**Warning! This review contains spoilers for the movie.**
I asked my five-year-old to come to this movie with me. But after watching a preview on the computer, she categorically refused (wise girl that she is). So I gave the child-fare ticket I'd ordered ahead of time to a friend (the ticket checker was luckily too busy wrangling real children to notice), we sat in a child-free aisle, and had an amazing time.
My daughter had it right. The truth is, much as I would have liked to, I can't really recommend this movie for preschoolers or even kindergarten kids. Common Sense Media (on whom we generally rely for such things) recommends it for kids ages nine and up. For anyone younger, and certainly for the little ones who preoccupy us here at The Savvy Source, it's just "too scary" as my own, admittedly skittish, kiddo foretold. Much as they may love Maurice Sendak's marvelous book -- a lasting favorite at our house -- the movie is, literally, a whole different story.

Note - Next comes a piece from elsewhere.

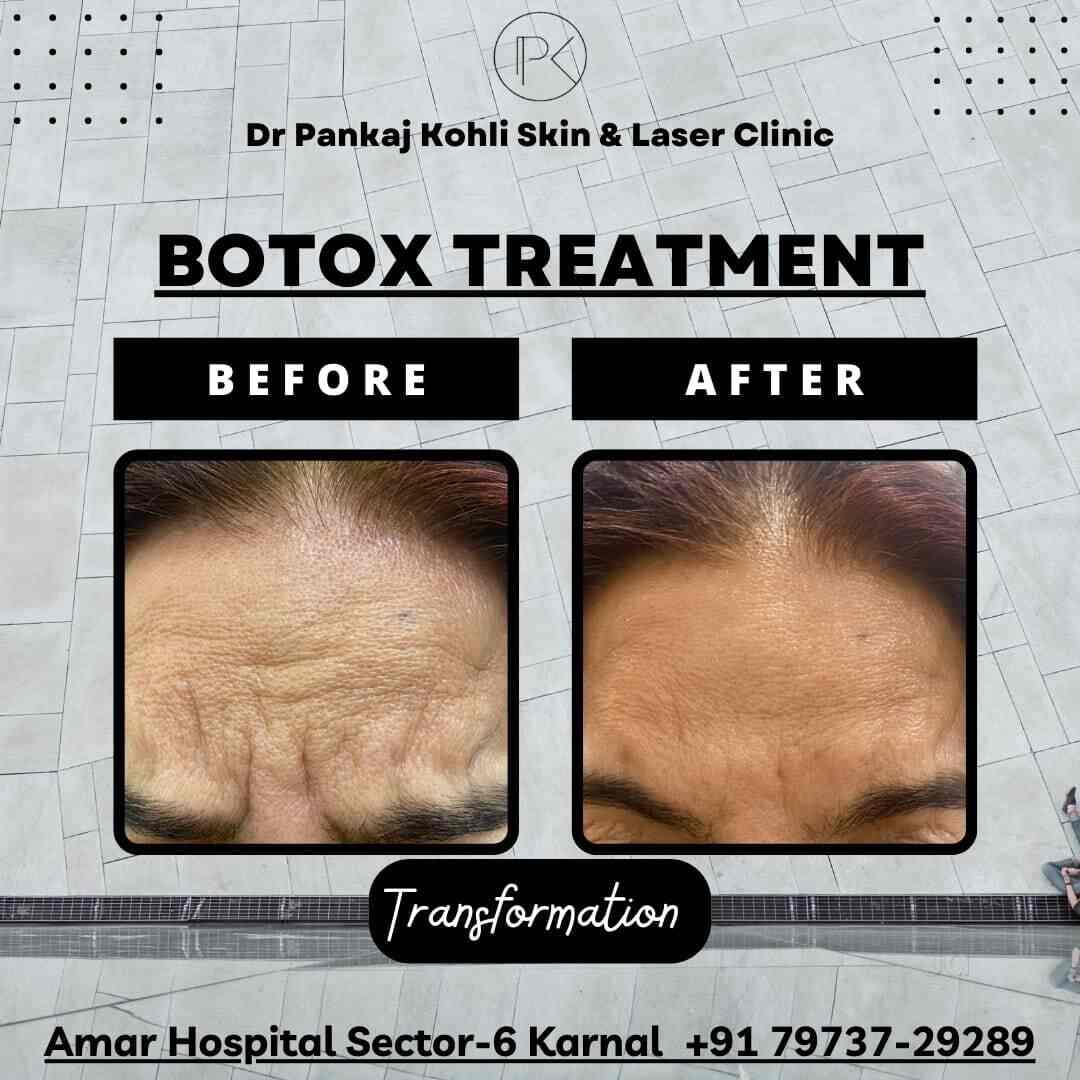 Top Dermatologists in Gt Road, Karnal Best Skin Specialist near me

That said, I do ardently endorse the film for parents of preschoolers, and indeed any parent of any child, any age. There is something particularly captivating about watching, from the safe distance of a movie seat, the intense drama of love and conflict, tenderness and rage, understanding and hurt that unfolds regularly in the home of any young child. We see Max's mother connect with him so beautifully at one moment, just when he needs her, and not long after, miss his cues entirely, with frightening results. Parents have all been there in daily life -- but what the film does is to give us a vividly imagined picture of how a string of inadvertent failures of attention can morph and multiply in a child's mind.
When Max's fury propels him out of the house and into the night, into the world of the Wild Things, we get to watch his wild tangle of emotions come to life in the form of giant hairy (or feathered) monsters. Max tries his best to rule them, for they do long for a real king, but in the end they cannot be contained. He harnesses their creative impulses, but is overwhelmed by their destructiveness. He does what he can to foster harmony, but rifts split the Wild Things apart as soon as they come together.
In the end, I came to see this film as an ode, not just to imagination, though it certainly is that, but also to parental love, however imperfect it may be. At the close of his journey, Max longs for his mother. He is swallowed up (literally) by all of the violent forces he has unleashed, and then, in an unforgettable scene, reborn -- reborn to an instinctive sense that he needs his mother to help him contain the wild things in his own mind.
When he returns, she is waiting for him. Of course she is. As are we.